Facebook has taken down a network of pages that promoted American patriotism and President Donald Trump after they were revealed to be run from Kosovo.
There were more than 170,000 followers of the “Police Lives Matter” page, which shared provocative viral content supporting U.S. police officers and included pages with the titles “All Lives Matter,” “I Support The Police US not Criminals” and “Blue Lives Matter USA.”
To drive online traffic, the network, which had more social engagement than established media outlets like Bloomberg, Vox and BuzzFeed, also ran pages about cute animals, including “Happy Animal Club” and “3-Minute Animal Stories.”
The investigative website Popular Information revealed that while promoting American identity, the pages were actually run from Kosovo and sought to make money by playing on the emotions of Americans.
Although not aiming to promote Trump politically, they used misinformation to exploit a right-wing backlash against the Black Lives Matter movement, and often pushed pro-Trump content, Popular Information added.
Facebook was alerted to the pages on September 27 and has taken all the pages down.
In a statement to Newsweek, Facebook spokesman Joe Osborne said: “We’ve removed the pages that violate our policies and will continue enforcing when we determine misuse.
“We’ve invested in transparency features so that people can flag potentially suspicious activity for us to investigate and take action when we find violations.
This the second time in weeks that the social media giant has had to remove jingoistic pages, followed by millions of Americans, that were actually run from Eastern Europe.
Last week, after Popular Information revealed they were run from Ukraine, Facebook removed the pro-Trump pages linked to “I Love America,” which used viral content from the St Petersburg-based Internet Research Agency (IRA).

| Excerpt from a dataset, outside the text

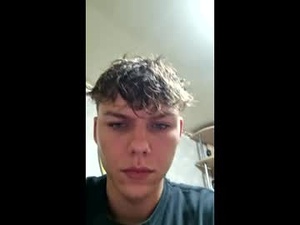 Screenshot from hot_boy_2002_ webcams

The IRA was at the center of the Mueller inquiry into Russian interference during the 2016 election campaign.
It raises questions over Facebook’s assurances that it is doing all it can to prevent its platform from being used for misinformation and fake news ahead of the 2020 U.S. election.
Facebook said that like the Ukrainian pages, the Kosovar pages do not appear to be state-run or politically-motivated and that they were “a spammy group looking to profit from political content.”
In September, Facebook’s Vice President of Global Affairs and Communications Nick Clegg said the social network had made mistakes in 2016 in allowing foreign agents to interfere with elections but that since then the social media giant “had been building its defenses to stop that happening again.”
Clegg said: “At Facebook, our role is to make sure there is a level playing field, not to be a political participant ourselves.
“We have a responsibility to protect the platform from outside interference, and to make sure that when people pay us for political ads we make it as transparent as possible. But it is not our role to intervene when politicians speak.”